Penelitian lain pada kelompok anak yang sama menemukan bahwa jumlah waktu yang hilang untuk berolahraga digunakan untuk duduk saja. Anak berusia 7 tahun menghabiskan setengah hari mereka duduk, dan pada usia 15 tahun, jumlah ini meningkat menjadi tiga per empat hari dihabiskan untuk duduk.

“Sekolah harusnya lebih membuat anak aktif. Sebaiknya ada jeda untuk beraktivitas fisik untuk memotong jumlah waktu duduk.” Menurut Prof.

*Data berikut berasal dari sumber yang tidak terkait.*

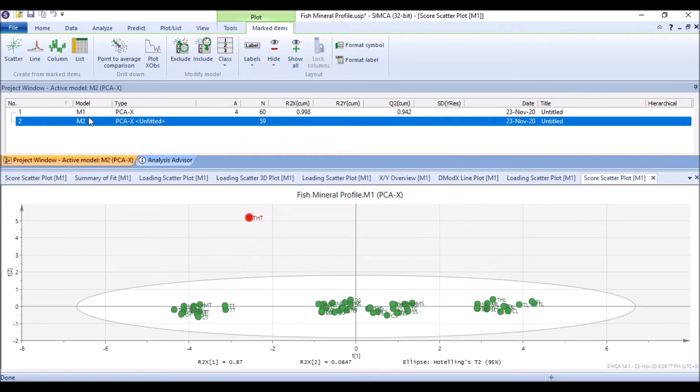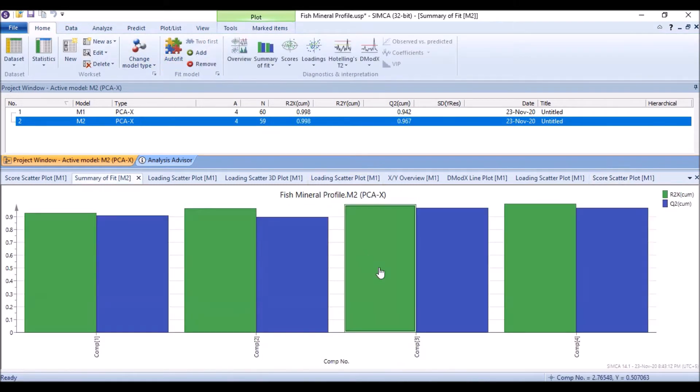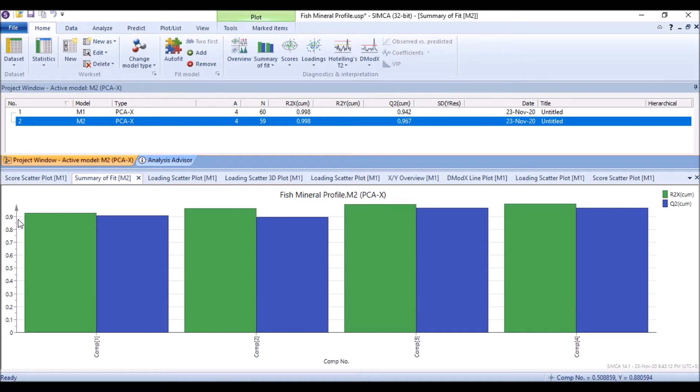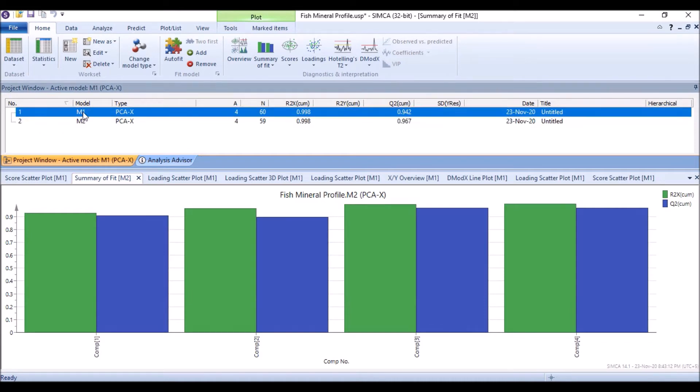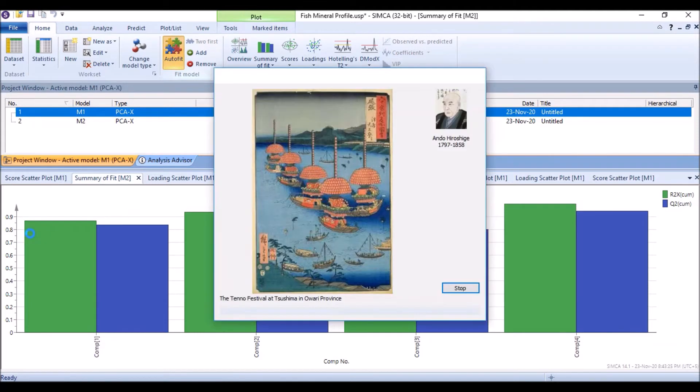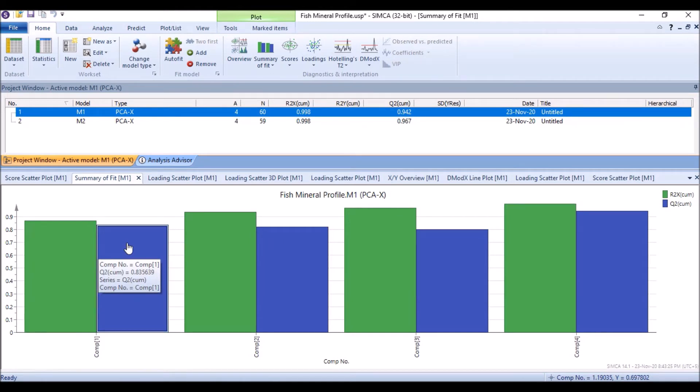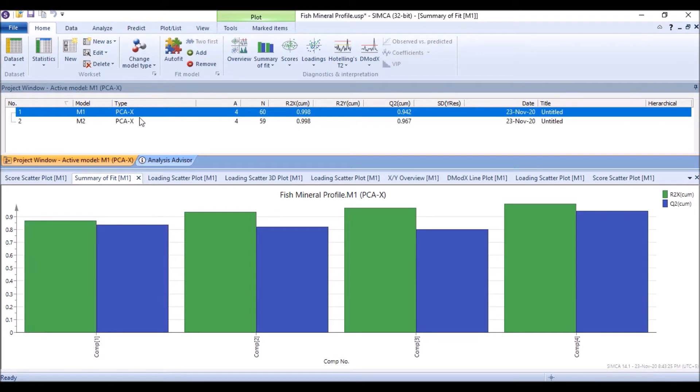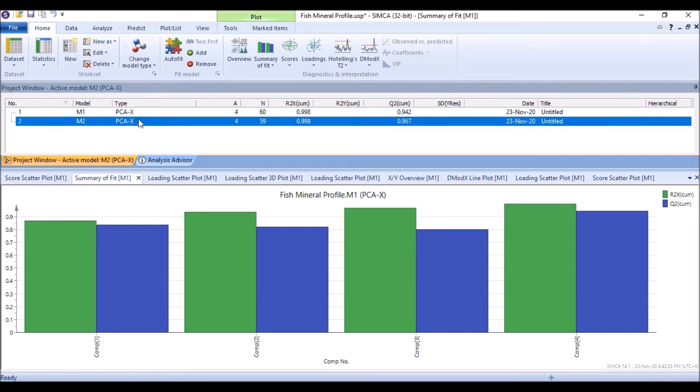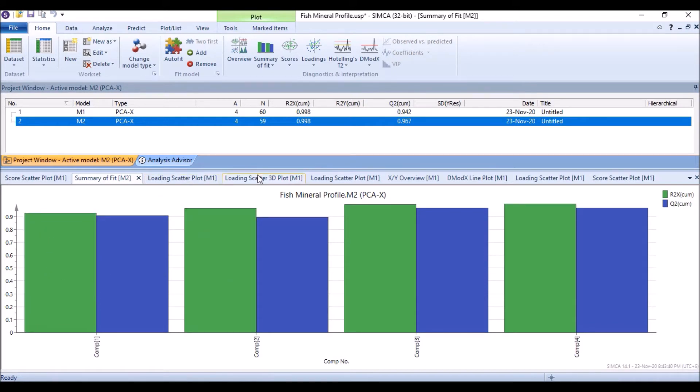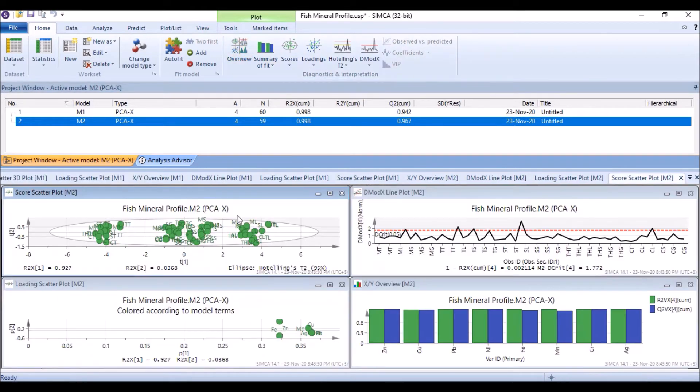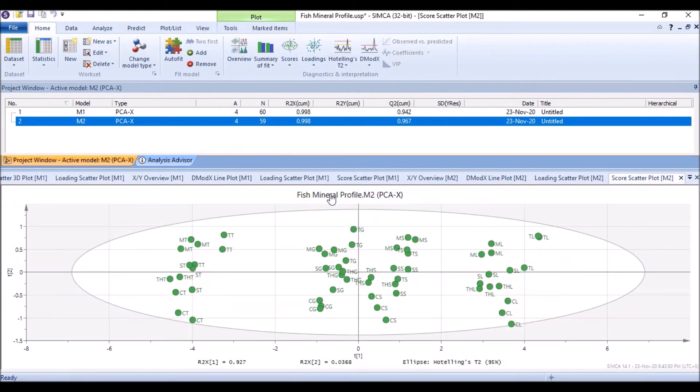As it is a second model we need to auto fit again. And when I auto fit it, I see that the summary of it is 0.9, and the summary of fit in the previous model was less than this. In the summary, the R2X value was 87 percent, while in the second model where we removed the outlier, it is 92 percent.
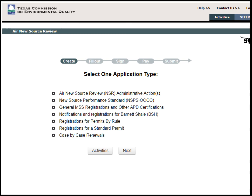The next page will bring up different application types of Air New Source Review projects that can be submitted through STEERS. Under Air New Source Review Administrative Actions, a company can submit an Air NSR Change of Ownership application. Under New Source Performance Standard, a company can submit a Well Completion Flowback Notification. Under General MSS Registrations and Other APD Certifications, the company can submit an APD Certification or APD Maintenance Startup and Shutdown Project for a facility.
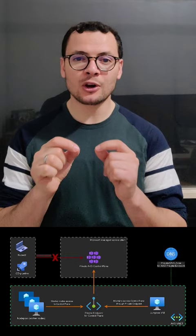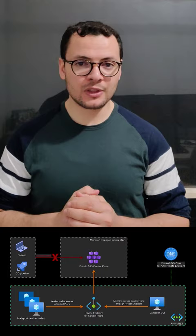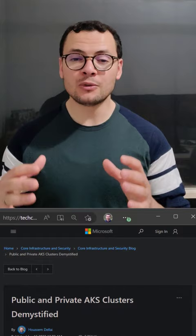Private cluster means that the only access to the control plane will be done from the virtual network of the cluster. You cannot access that control plane from outside that vNet or outside a peered virtual network.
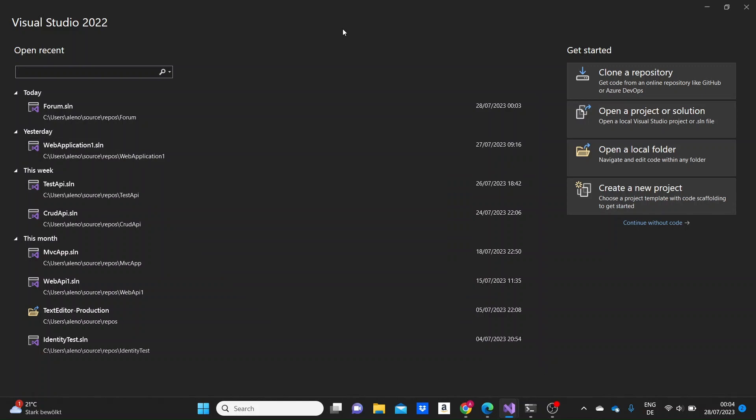Hi everyone. Today I'm going to show you how the one-to-one relationship models in Web APIs work in ASP.NET Core. We are firstly going to create the models and then we'll handle the methods in order to perform all of the CRUD operations with them. I would highly recommend you to watch my previous video for CRUD operations in Web APIs in case you are not familiar with them, but otherwise I suggest you just keep on watching.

Reilly.

Diterjemahkan dari BBC Health.

1 Like

Kalau dilihat di Indonesia, keaktivan anak-anak menurun drastis jauh sebelum masa remaja (adolesen) karena diakibatkan pola pendidikan dan perubahan gaya hidup itu sendiri.

Pola pendidikan

Anak-anak jepang sedang melakukan olahraga

Pendidikan di Indonesia saat ini lebih ditekankan pada sisi hard skill daripada sisi soft skill, bahkan ketika siswa masih menginjak pendidikan dasar. Dampak dari hal tersebut adalah, orangtua jadi ikut-ikutan menekankan ke sisi itu, sehingga tidak jarang anak sekolah dasar sudah di-kursus-kan oleh orang tuanya.

Anak-anak jepang pulang sekolah jalan kaki, sesuatu yang jarang terlihat di Indonesia.

Dengan banyak mengikuti kursus, maka anak-anak sudah merasa lelah, sehingga malas untuk beraktifitas secara fisik. Padahal yang membuat anak-anak tersebut merasa lelah karena terlalu diforsir pikirannya, bukan fisiknya.

Berikut video meriahnya Sports Day di jepang,

Gaya hidup

Anak-anak kecil jaman sekarang sudah sangat terbiasa menggunakan telepon pintar, tablet bahkan personal computer. Akibat terlalu lelah belajar, maka _refreshing_nya adalah dengan cara “mendinginkan” otaknya dengan bermain-main gadget atau menonton film. Mereka sudah lelah untuk “dipaksa” beraktifitas fisik.

Anak-anak sedang asyik “bermain” smartphone

Kondisi tersebut sangat berbeda dijaman ketika teknologi informasi tidak seperti saat ini dan model pendidikannya pun masih “ramah” terhadap anak-anak.

Tidak jarang ditemu anak-anak bermain sepakbola, petak umpet, lompat tali ketika istirahat sekolah, atau ketika pulang sekolah. Mereka tidak terlalu dipusingkan dengan pekerjaan rumah yang banyak atau tuntutan materi sekolah yang terlalu berat bagi anak seusianya.